[Opening RECORDS section]

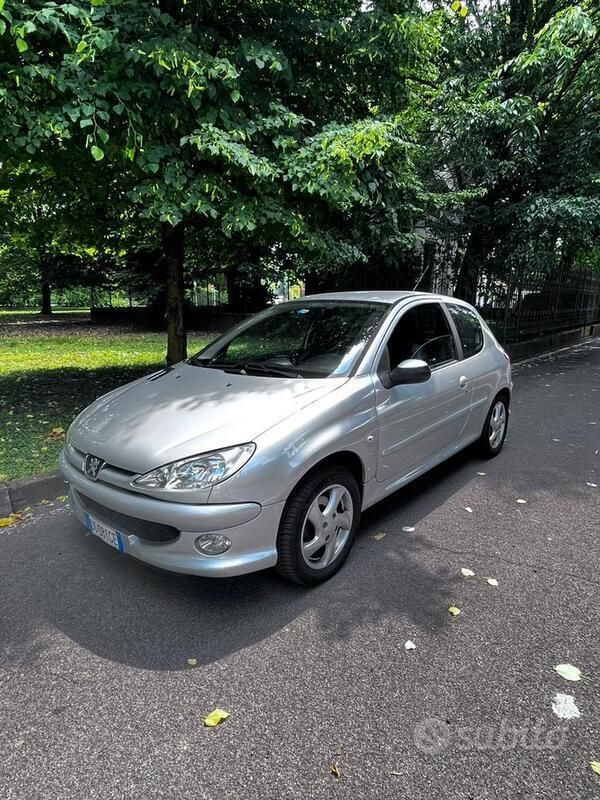 Usata Peugeot 206 109 CV (80 kW) 2006 Grigio Utilitaria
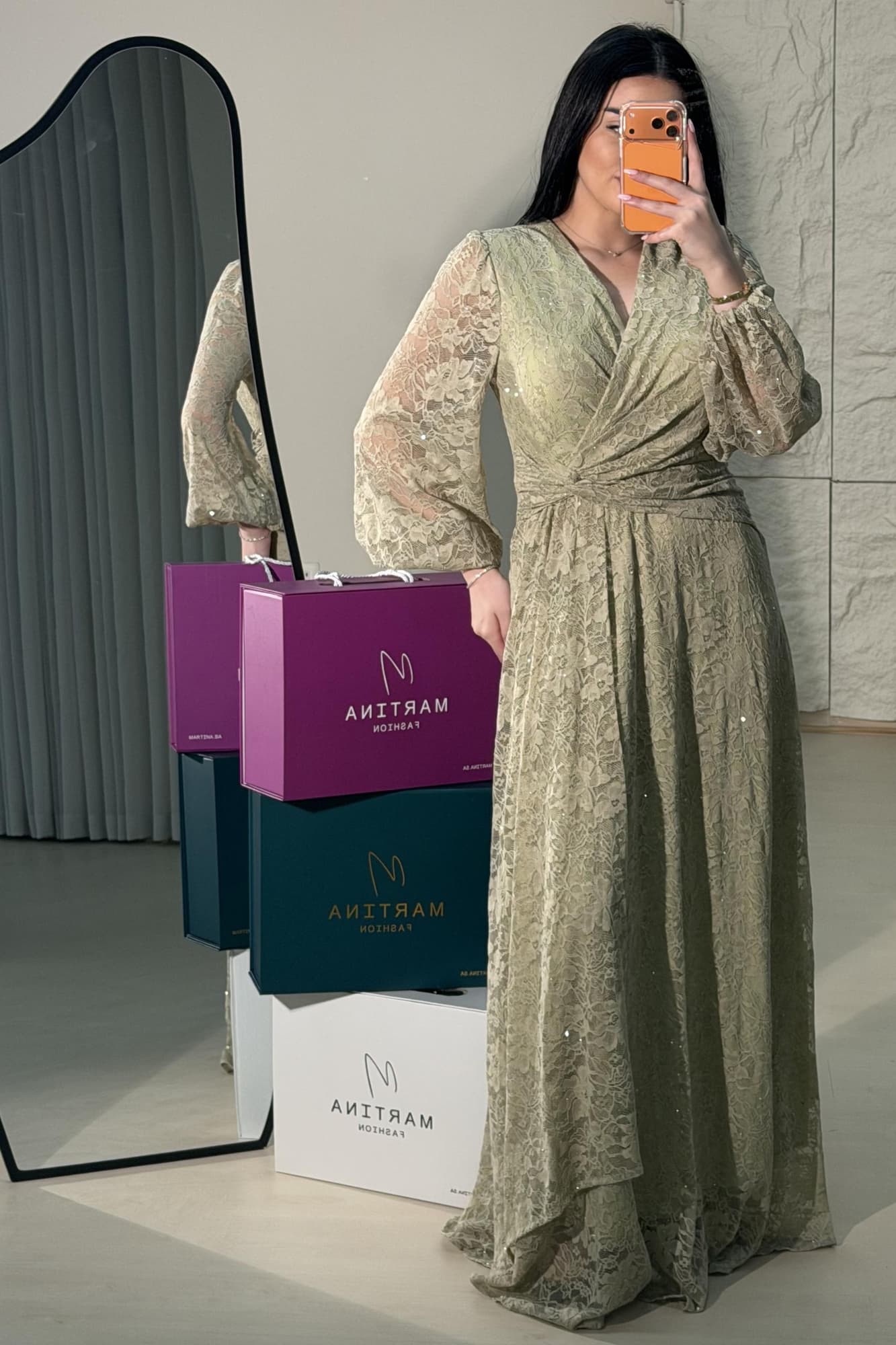 فستان طويل من الدانتيل بلون أخضر فاتح هادئ، يعكس أنوثة راقية ولمسة رومانسية ناعمة يتميّز بقصّة لفّ (Wrap) أنيقة مع عقدة جانبية تبرز الخصر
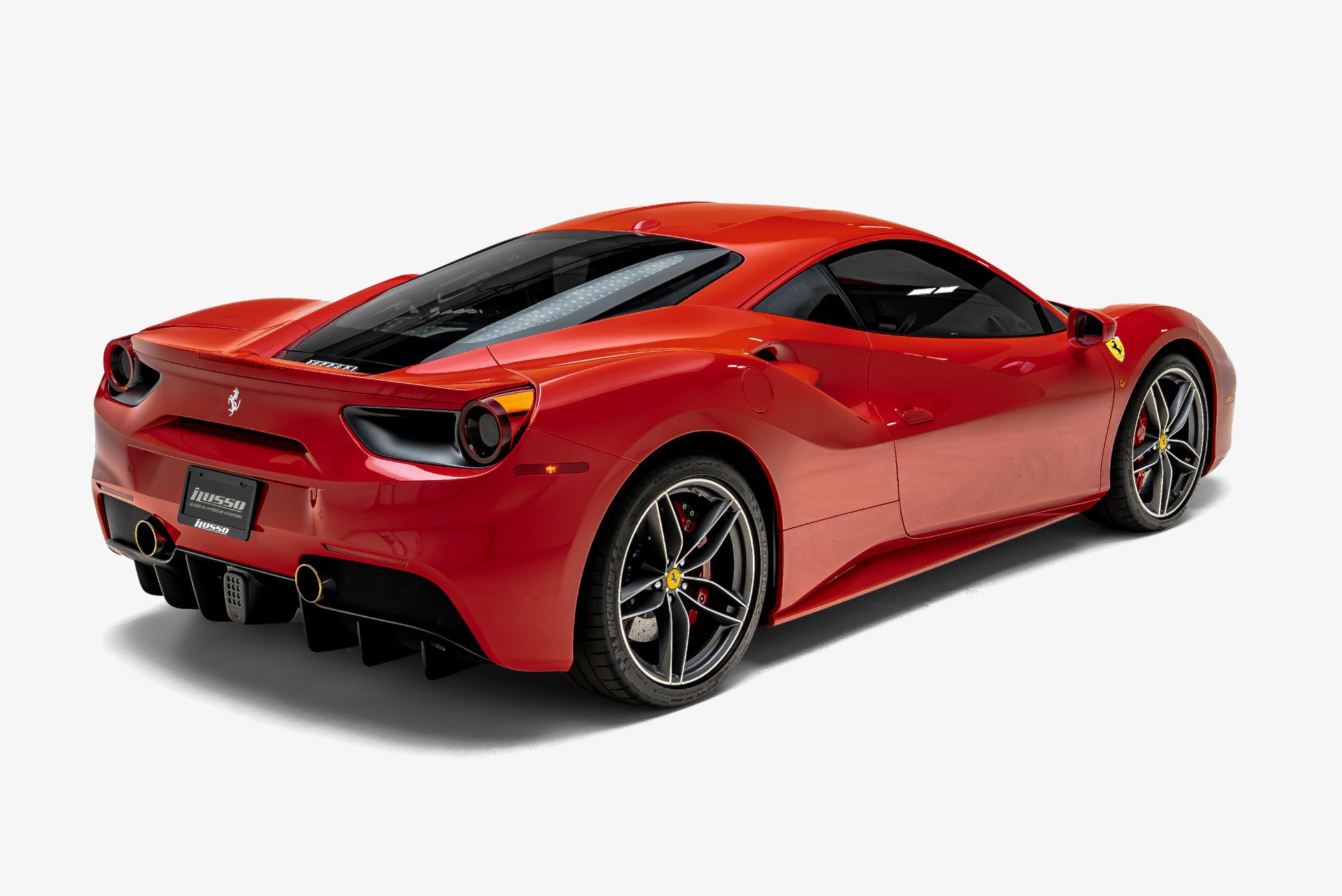 Used 2018 Ferrari 488 GTB RWD image 11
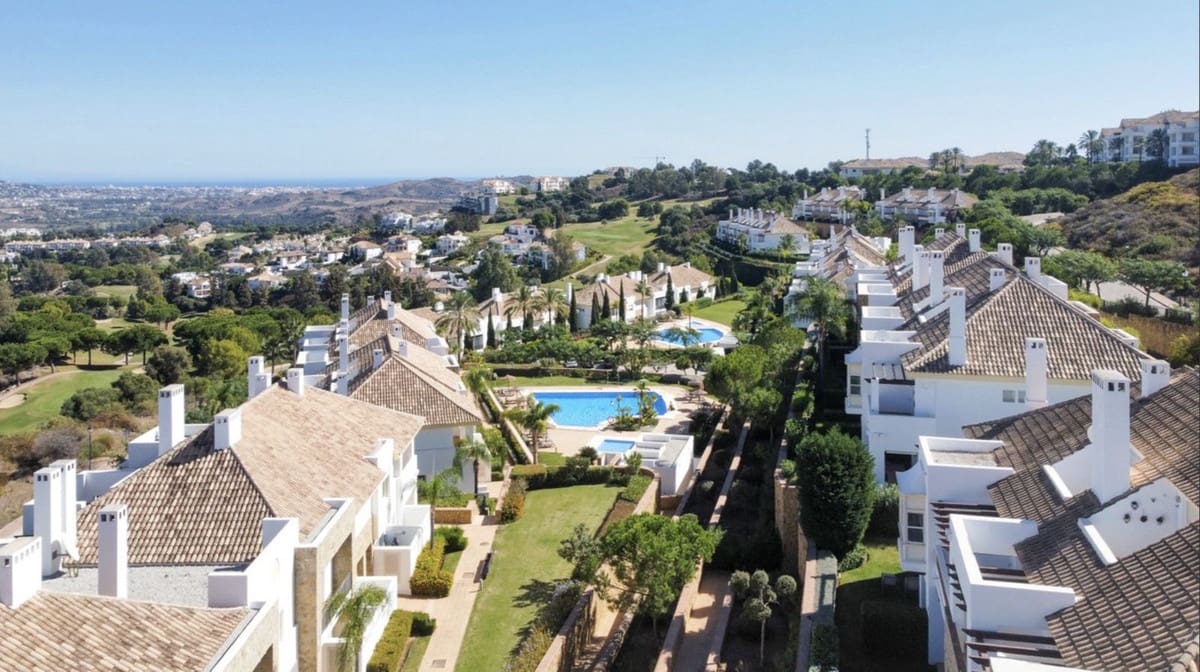 3 bedroom Townhouse for rent in La Cala Golf with pool garage - € 3,500 (Ref: 9841322)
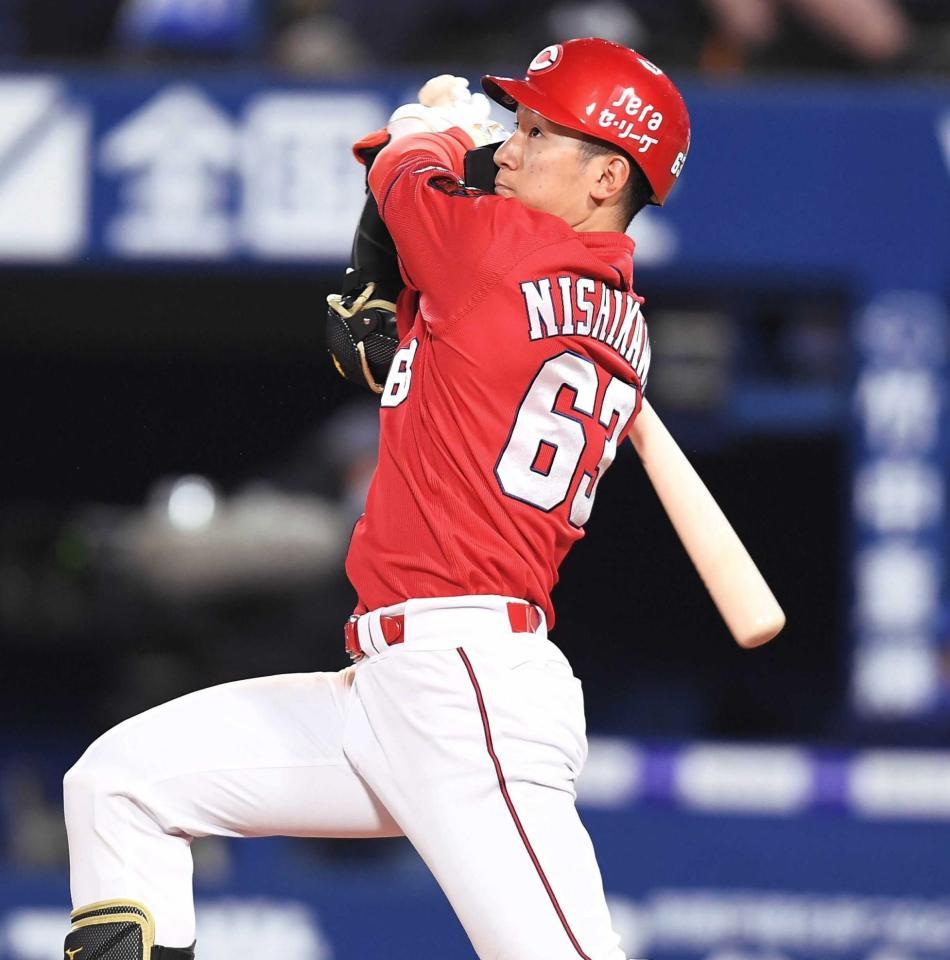 　６回、左越えソロを放つ西川（撮影・金田祐二）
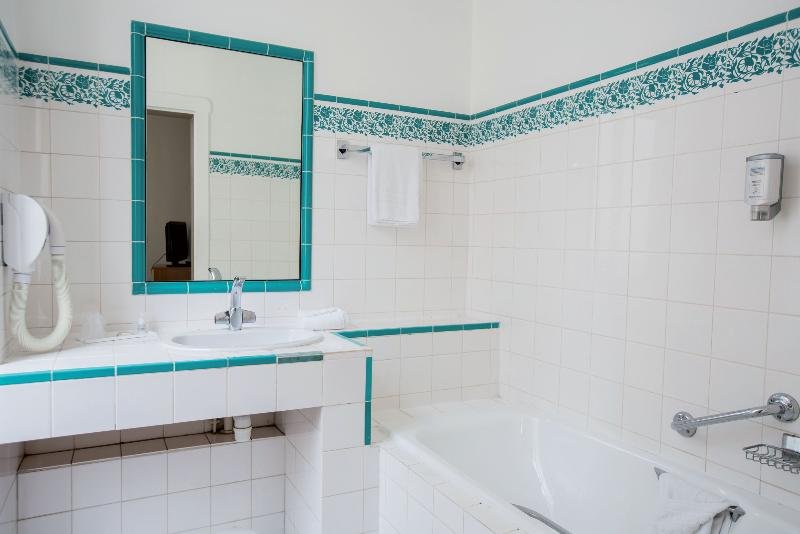 Фото Hotel Vacances Bleues Provinces Opera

[Closing RECORDS section]

Reproduce the lines from the one with "６回、左越えソロを放つ西川（撮影・金田祐二）" through the end of the data, keeping both end lines, adding nothing, and dropping any pictures.

 　６回、左越えソロを放つ西川（撮影・金田祐二）
 Фото Hotel Vacances Bleues Provinces Opera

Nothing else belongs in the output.